I don't think it's just viewing the reactions the hurt create, but I really believe there is some kind of invisible negative energy that is released when you choose to not hold onto hurt. Many people think I'll forgive them if they ever apologize but those folks usually sit there eternally hurt. The thing is if you need the apology to forgive, then I question whether you are truly forgiving. If someone apologizes before you choose to forgive them you feel justified in the hurt. Instead of letting it go, the hurt gets fertilized soil to grow into a warped world view that you filter your life through. You then beat everyone over the head with all the hurt you now perceive or create for yourself because you want to ameliorate the hurt. Yes apologies are wonderful but instead of being a justification for hurts where you hold onto a little piece of it because you knew you were right, apologies should be the first girders laid to rebuilding the relationship. I've heard stories and know from my own life that when someone lets the bitterness go, many an apology eventually come that never seemed possible.
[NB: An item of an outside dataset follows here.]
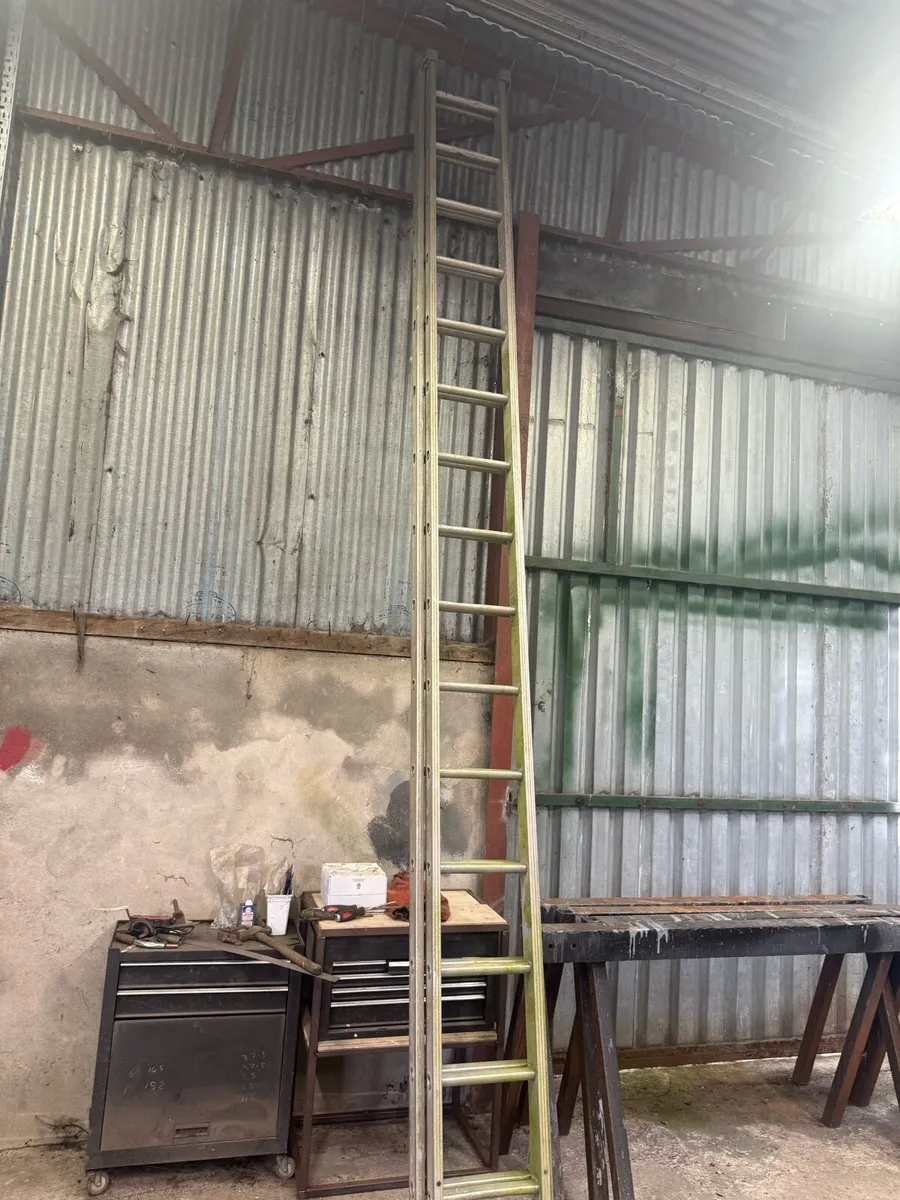 Ladder - Image 1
People who don't forgive sit in a pity party constantly dredging up the past pushing those who would support and love them away. You can only listen to someone vent without taking action for so long before you tire of it. Unfortunately the wallowing only makes you feel more alone exacerbating the self destructive circle. When you take responsibility for your own life and cut out the harmful influences while forgiving, it can be a wake up call to the evil doers where they are forced to evaluate their own lives. The self-empowered actions are like a mirror and if the person is not completely gone, they will have to confront their own demons.

It's also said "be the change you want" and I think that is true on more levels than leading by example of say picking up litter. I really think that when you are the change you want in the world it literally unblocks someone else to change.